Developing locally-driven solutions to these challenges is critical to the long-term vitality of rural communities, and rural design can play a powerful role in this process. Forming collaborative multi-sectoral partnerships that cross county lines and town boundaries as well as governmental agency jurisdictions that include trusted local institutions and public agencies, is one of the key goals of the program.
CIRD helps rural leaders and residents come together to find creative solutions for:
- Multimodal Transportation: Design challenge examples include improving bike/pedestrian access in your community; retrofitting commercial strips to accommodate pedestrians; the development of recreational trails for mobility and economic development; mobility for the elderly and aging in place; context sensitive rural highways and byways; integration of arts/culture/design to improve transportation or pedestrian experience.
- Healthy Living by Design: Design challenge examples include creating public space that supports play and active recreation; improving access to healthy food and local food eco-systems; enhancing access for walking, biking, and active transportation/recreation; building social cohesion and opportunities for social interaction via creative placemaking.
- Main Streets: Design challenge examples include leveraging Main Street for economic development; redesigning Main Street as a local street versus state highway/thruway; cultivating/enhancing public space on main street via design or creative placemaking; branding and design along Main Street; historic preservation and adaptive reuse of Main Street buildings; maximizing the role that arts and culture can play as an economic driver for local and regional economies.

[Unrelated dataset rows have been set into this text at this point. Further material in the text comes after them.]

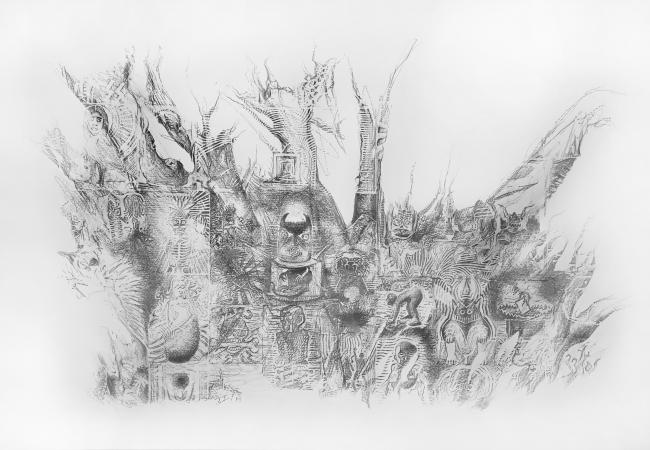 Craie graphite sur papier. 120x80cm. <strong>prix sur demande</strong>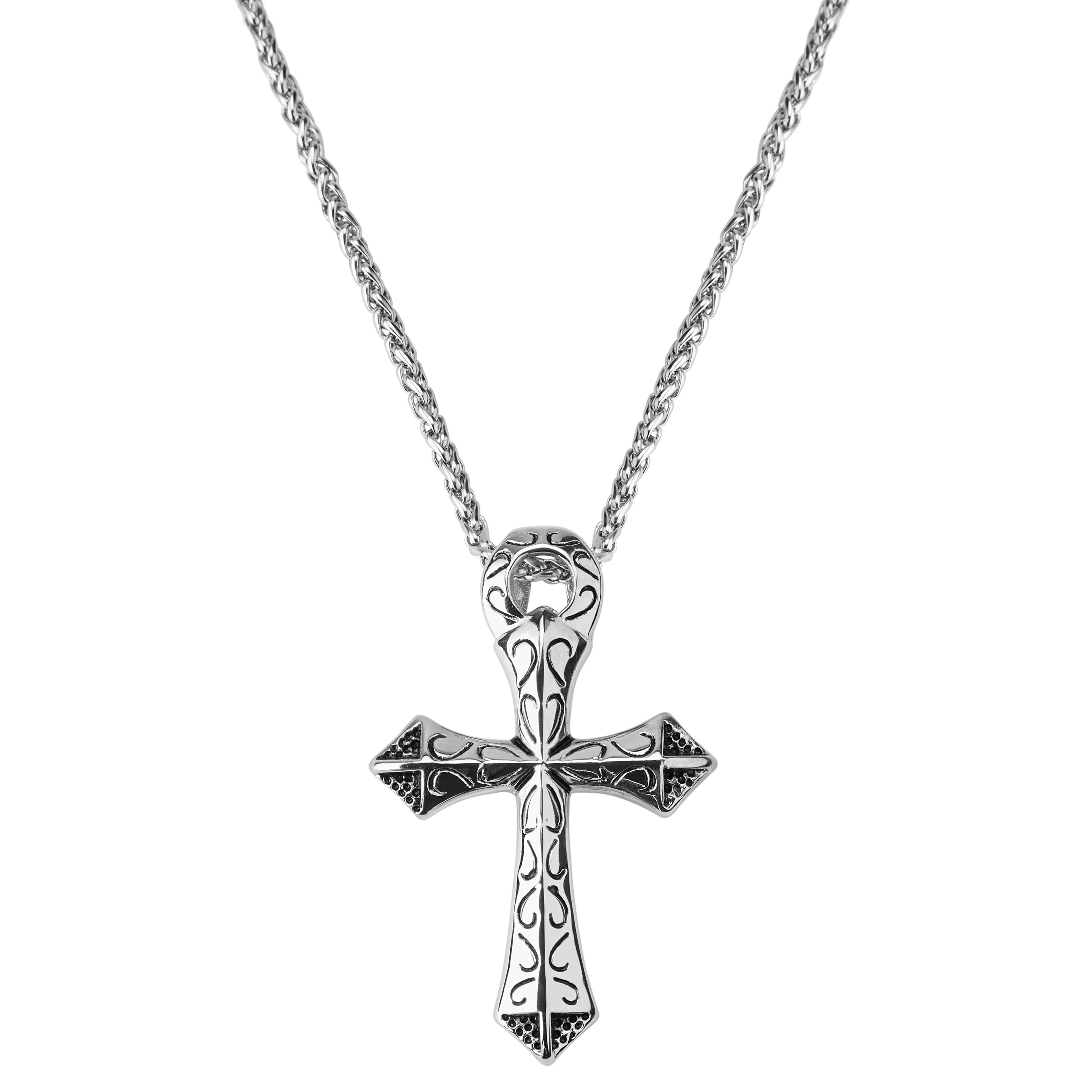 Silver-Tone Stainless Steel Crusader Cross Curb Chain Necklace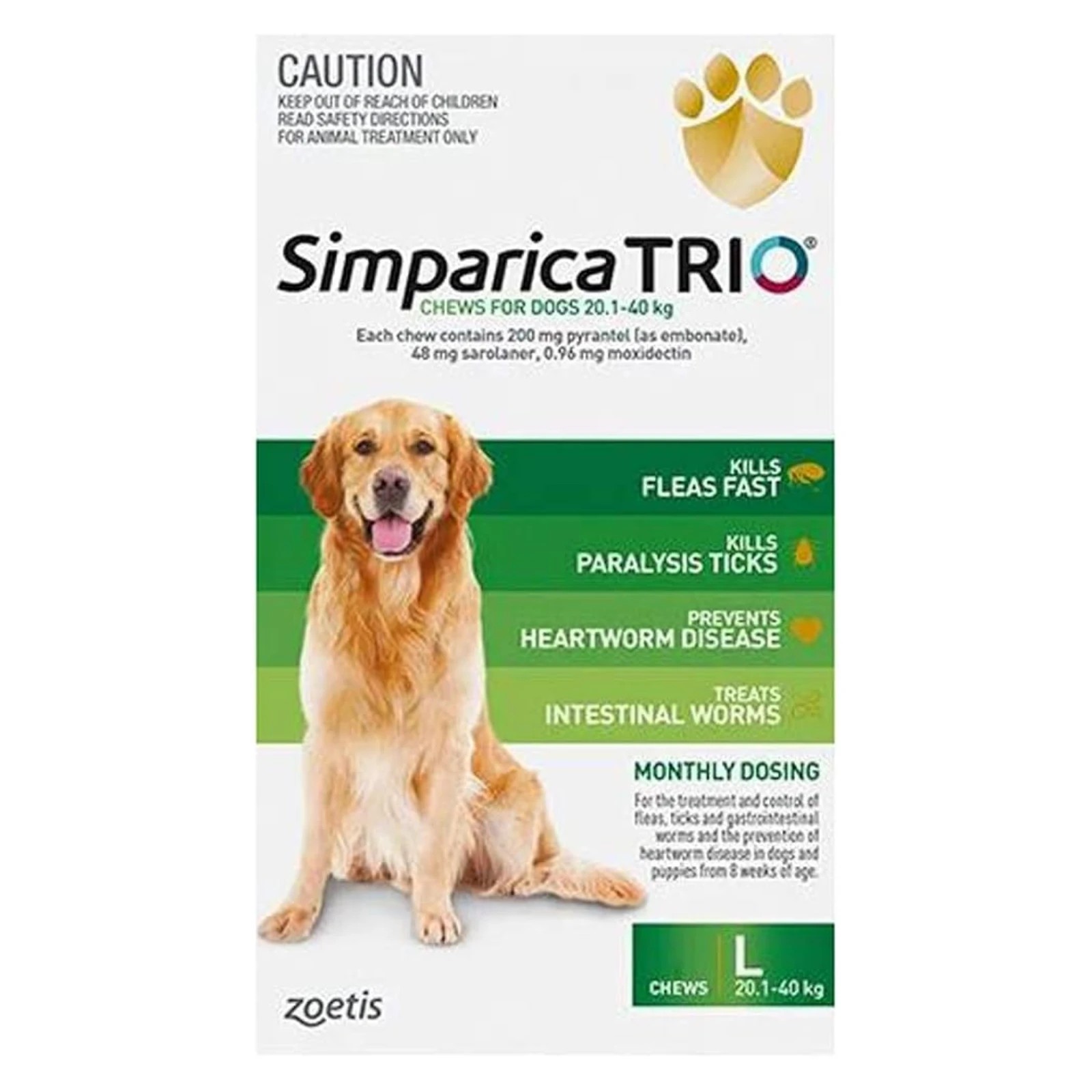 2 Simparica For Dogs 20.1- 40kg Green Large - 3 Pack, 2 of 2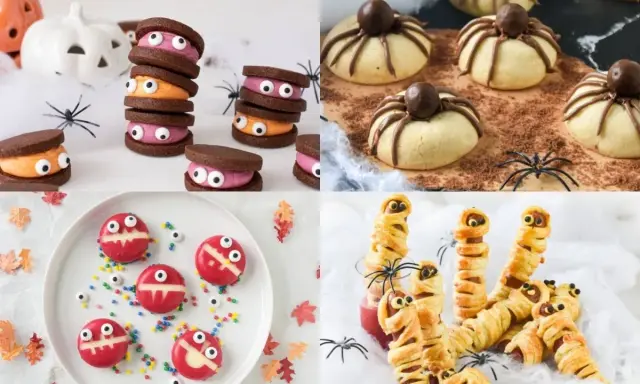 Galletas de monstruo, arañas y momias: ¡faciles comida Halloween niños! Perfectas para una fiesta espeluznante.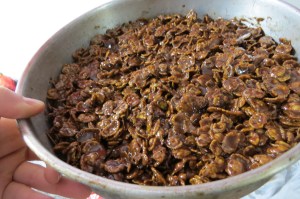 Crocante de chocolate y copos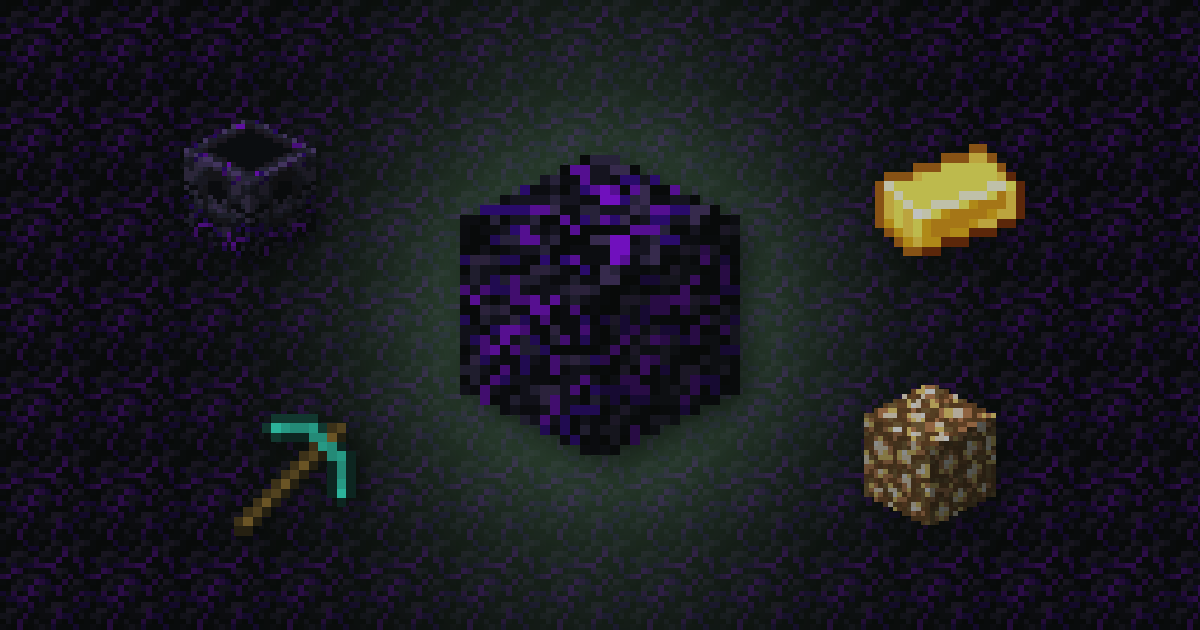 Crying obsidian surrounded by a respawn anchor, a gold ingot, a diamond pickaxe and glowstone on crying obsidian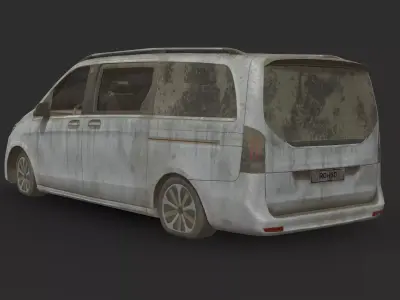Abandoned Car - Mercedes-Benz EQV Low-poly 3D model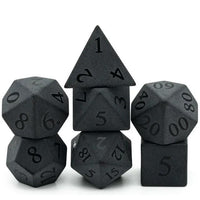 Thumbnail for Frosted Black Obsidian Gemstone - 7pcs RPG Dice Set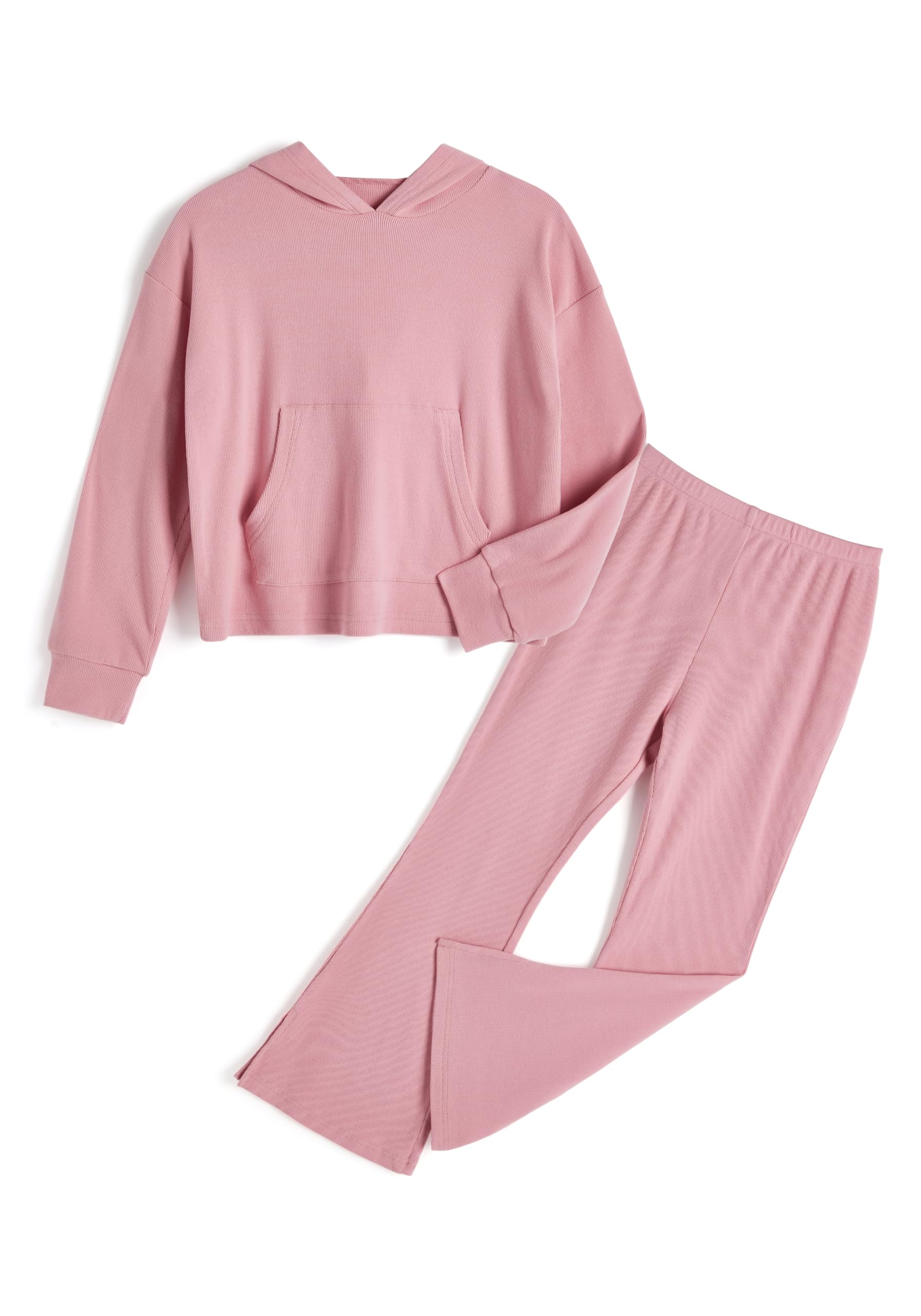 **Girls' 2-Piece Hoodie & Long Sleeve Shirt Set - Cute Bell Bottom Sweatsuit for Spring 2025 | Casual Outfits for School, Playdates & Everyday Wear**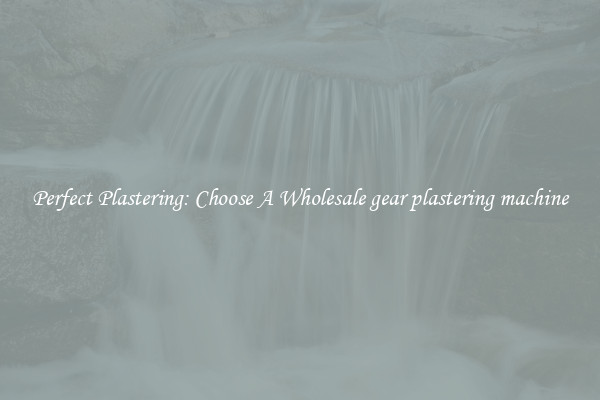  Perfect Plastering: Choose A Wholesale gear plastering machine 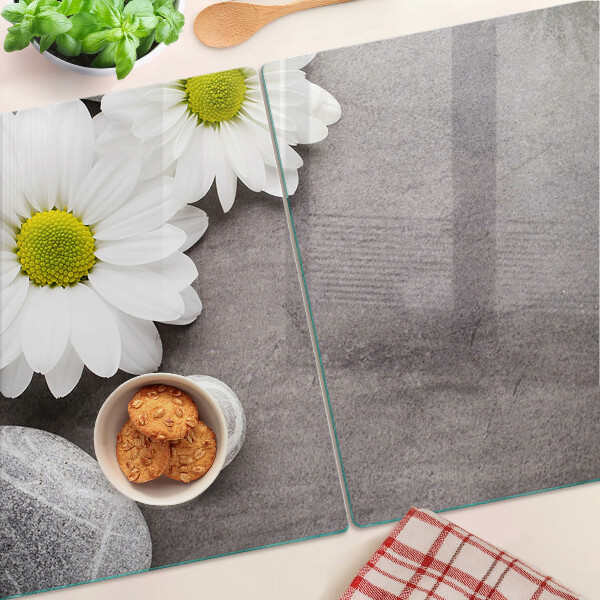 Szklana deska do krojenia Kwiaty i kamienie na tle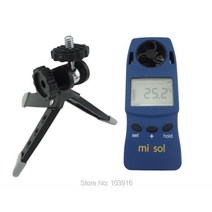 디지털 풍속계 풍량 풍속 측정 테스터 삼각대가 있는 휴대용 냉기 온도계, 없음, 한개옵션0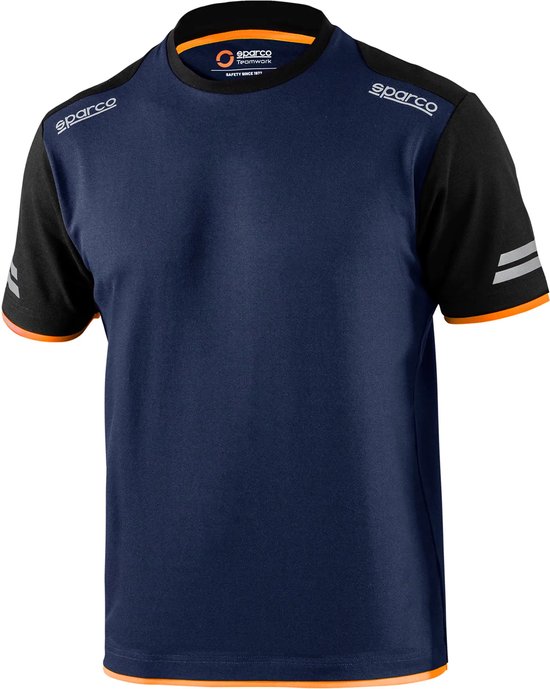 Sparco TECH T-Shirt - Stijlvol en veilig - Marineblauw/Oranje - Maat XXL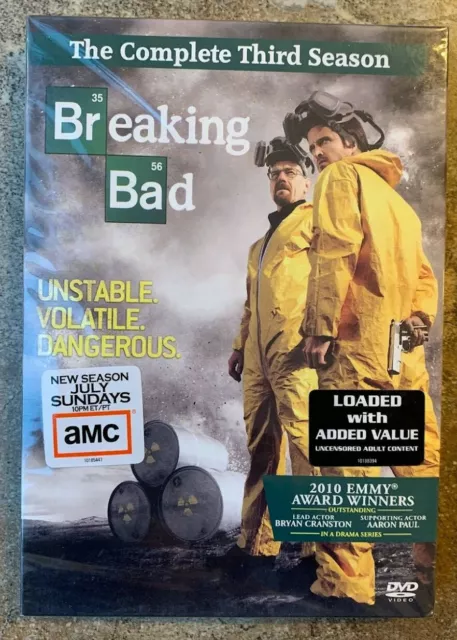 Breaking Bad: The Complete Third Season 3 (DVD, 2013, 3-Disc Set) Brand New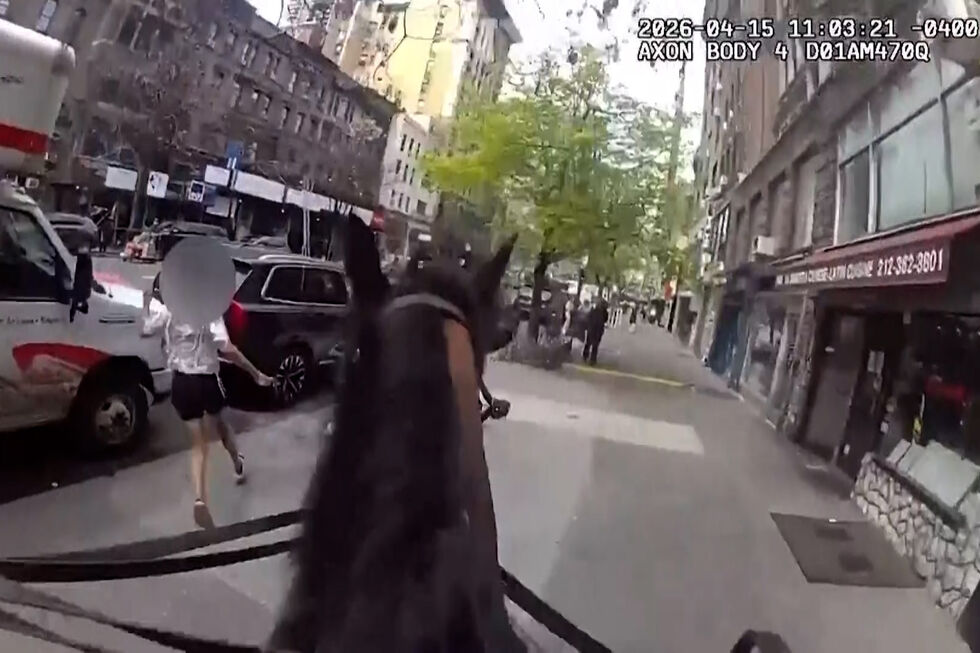 Imagens mostram polícia montado a cavalo a perseguir mulher suspeita de roubo nas ruas de Nova Iorque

Amount: This grant provides an opportunity to help up to six communities organize and host a two-and-a-half day community workshop, supported through $10,000 in cash stipends. A $10,000 cash or in-kind match by host communities is required. CIRD will provide a comprehensive package of technical assistance services to support the workshops, including:
- Honoraria, travel and lodging expenses for up to four regional or national Resource Team members
- Advice on development and production of workshop content and instructional materials
- One-on-one assistance and site visits by CIRD staff to support planning the workshop logistics and content
- Conference calls and webinars on relevant rural design topics
- A write up of an action plan and key summary of the workshop event
- Opportunities to connect with a broad network of rural practitioners and resources
Eligibility: CIRD supports rural communities and small towns with a population of 50,000 or less. Community is defined broadly, not just the town center or area within town boundary, but also the surrounding areas that depend on its goods and services and contribute to its economic base, including agricultural lands, scenic and natural landmark and preserves, and an areas used for recreation. State-level entities may support the application, but cannot serve as the primary applicant. Lead applicants may be:
- Municipal, tribal, or county governments
- Local nonprofit organizations, including but not limited to such entities as Main Street organizations, art centers, preservation groups, historical societies, or chambers of commerce
- Regional planning organizations
- University community design centers or university agricultural/extension offices located within 50 miles of the community
Note: An application preparation webinar will be held on January 25, 2018.